Crohn’s Disease (CD) is an idiopathic and morbid syndrome of gastrointestinal inflammation with rising global incidence but lacking curative or preventative strategies. It is a heterogenous disease entity that encompasses multiple distinct clinical phenotypes which arise from different biological pathways. Although treatment options for CD historically have been limited, recent decades have seen the advent of novel agents with well-defined molecular targets. At the present time, patient response to any of these treatments remains largely unpredictable. Therefore, the choice of treatment largely lies in other factors such as side-effect profile, cost, and convenience rather than of predicted efficacy.
Clinical experience, limited clinical trials, and preclinical models all suggest that treatment response varies by disease phenotype. Although disease phenotypic classification – most commonly the Montreal Classification -- is collected on an individual patient level in all modern trials, it has gone without dedicated subgroup analysis in most of the pivotal trials that led to FDA approval.
As a result, clinicians are presently unequipped to make high-confidence treatment recommendations to their patients who encompass the full phenotypic spectrum of Crohn’s disease.
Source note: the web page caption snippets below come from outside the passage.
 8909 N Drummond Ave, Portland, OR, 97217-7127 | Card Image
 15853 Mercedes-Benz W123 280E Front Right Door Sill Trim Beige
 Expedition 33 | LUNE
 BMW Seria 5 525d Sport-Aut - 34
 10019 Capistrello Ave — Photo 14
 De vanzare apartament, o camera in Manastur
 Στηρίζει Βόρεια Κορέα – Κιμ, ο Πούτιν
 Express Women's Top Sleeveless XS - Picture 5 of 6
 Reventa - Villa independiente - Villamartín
This therapeutic imprecision invariably leads to suboptimal disease control, excess exposure to medication-related risks, and increased healthcare costs.
Therefore, we propose to meta-analyze pre-existing, high-quality, placebo-controlled clinical trial data in order to prioritize FDA-approved therapeutic candidates by disease phenotype and help advance precision medicine for this morbid disease.
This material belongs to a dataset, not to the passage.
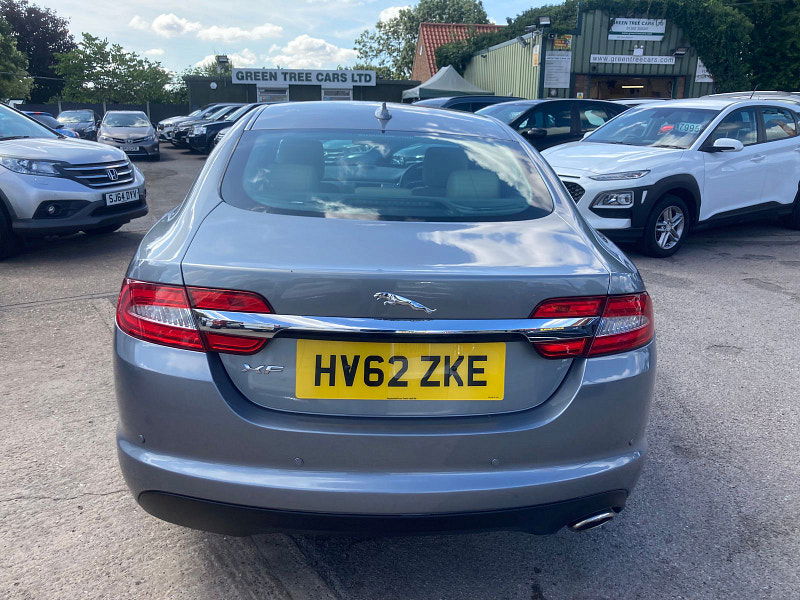 Jaguar XF 2.2d Luxury Saloon 4dr Diesel Auto Euro 5 (s/s) (163 ps) 4dr Automatic 2025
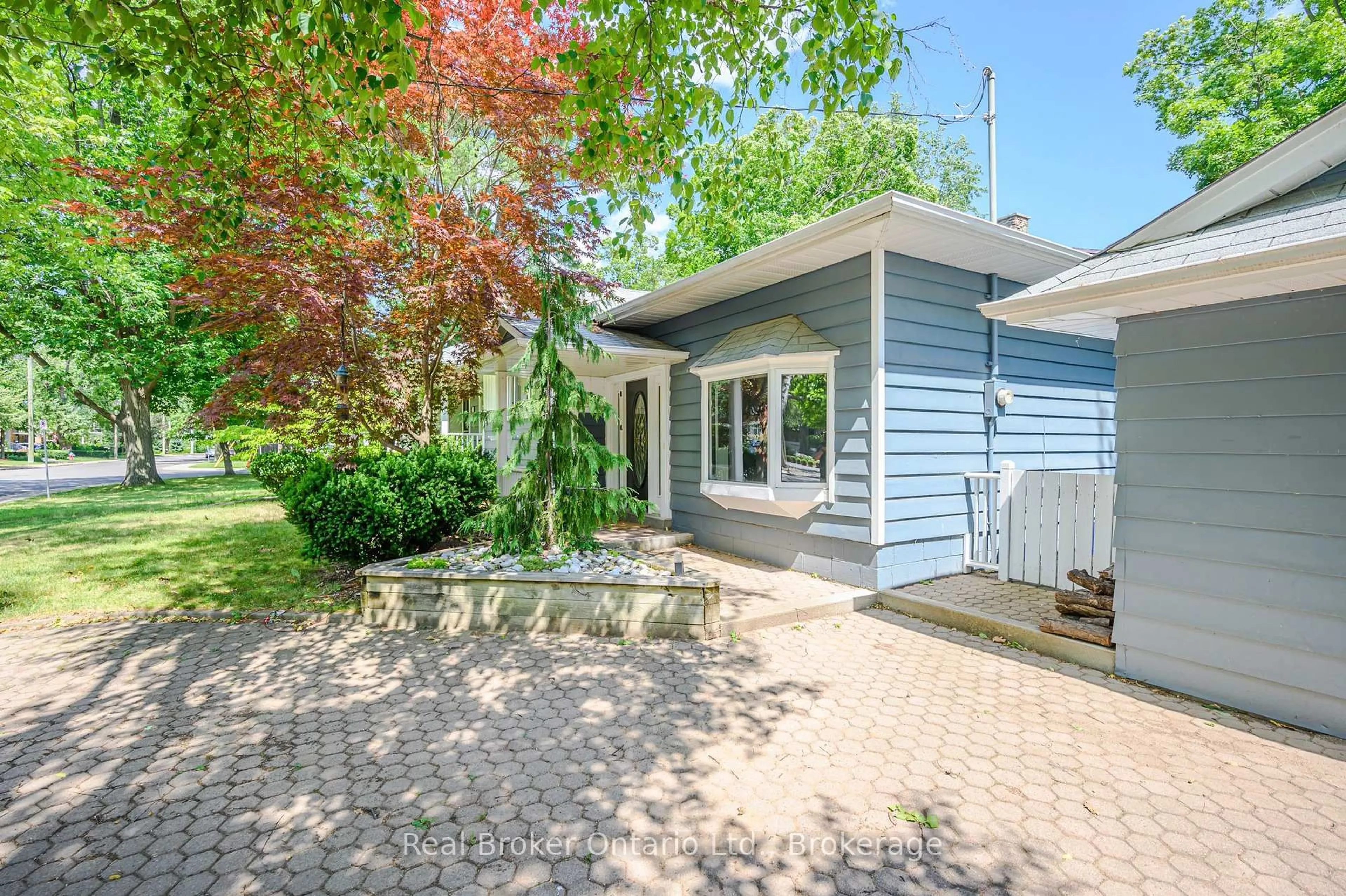 Unknown for 374 Spruce St, Oakville Ontario L6J 2H3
Hypothesis: This study is an estimation study rather than one that aims to perform specific statistical hypothesis testing. However, as previously mentioned, the scientific hypothesis that motivates this study is that currently approved Crohn's treatments will differ in efficacy when assessed within specific subgroups.
Objective: To optimally position current therapy for Crohn’s disease by quantifying treatment efficacy stratified by disease phenotype, including anatomic location, behavior, and prior medication use (including a history of anti-Tumor Necrosis Factor-alpha failure)
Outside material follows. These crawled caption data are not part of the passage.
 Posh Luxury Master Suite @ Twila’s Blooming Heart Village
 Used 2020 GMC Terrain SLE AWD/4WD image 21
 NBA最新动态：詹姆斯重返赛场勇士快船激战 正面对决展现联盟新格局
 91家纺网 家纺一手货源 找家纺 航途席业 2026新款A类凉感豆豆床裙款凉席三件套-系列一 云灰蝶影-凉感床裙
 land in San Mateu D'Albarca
Aims: We plan to quantify treatment efficacy by stratification along the lines of disease phenotype, including anatomic location, behavior (e.g. structuring, penetrating), and history of prior medication failure.
A secondary, exploratory goal of this work would be to perform comparative effectiveness (e.g. ranking of efficacy for each given subgroup). Network meta-analysis may be more appropriate for this objective, but may be hampered by limited trial number and patient numbers. While we plan to explore the potential of this methodology to yield useful results, achieving the first goal alone would represent a more than satisfactory outcome of this study.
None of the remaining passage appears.